Cosa fare in caso di sentenza emessa in seguito a corruzione del Giudice
“La Corte ha stabilito che, nel caso di pronuncia di una sentenza viziata dalla corruzione del giudice, la parte che intenda dolersi di tale statuizione ha l’obbligo, e non la facoltà, di chiederne la revocazione ex art. 395 c.p.c.; ha soggiunto tuttavia la Corte che a tale regola generale si deve fare eccezione allorché la vittima del dolo del giudice non possa trarre alcun vantaggio giuridico dalla rimozione della sentenza frutto di corruzione, per essere divenuta nel frattempo impossibile la ricostituzione dello stato di cose anteriore. In tal caso, pertanto, è consentito alla vittima del reato domandare il risarcimento del danno al corruttore del giudice, senza previamente esperire il giudizio di revocazione. Per la stessa ragione, ha poi soggiunto la Corte, qualora la sentenza frutto di corruzione abbia indotto le parti, prima della scoperta del dolo, a transigere la lite, la vittima del reato di corruzione può domandare il risarcimento del danno senza previamente chiedere l’annullamento del contratto di transazione, invocando quale fatto illecito fonte di responsabilità aquiliana anche la sola violazione della regola di buona fede”.

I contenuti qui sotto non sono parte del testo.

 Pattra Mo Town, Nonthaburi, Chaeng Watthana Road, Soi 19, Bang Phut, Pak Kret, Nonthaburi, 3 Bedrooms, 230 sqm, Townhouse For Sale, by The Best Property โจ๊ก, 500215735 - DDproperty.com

La sentenza n. 21255/13 della Terza Sezione della Cassazione Civile, individua il percorso processuale da seguire nel remoto caso in cui la sentenza che ha deciso una controversia sia conseguenza della corruzione del Giudice.

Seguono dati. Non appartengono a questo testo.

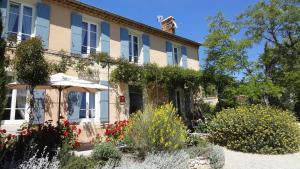 a building with a garden in front of it at La Garance in Bédoin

Il rimedio previsto dal codice, ex art. 395 cpc, della revocazione della sentenza può apparire in concreto poco utile al soggetto danneggiato che potrà scegliere di tutelarsi percorrendo la strada del giudizio ordinario al fine di ottenere un risarcimento laddove il ripristino dello stato di cose anteriore alla sentenza sia divenuto impossibile.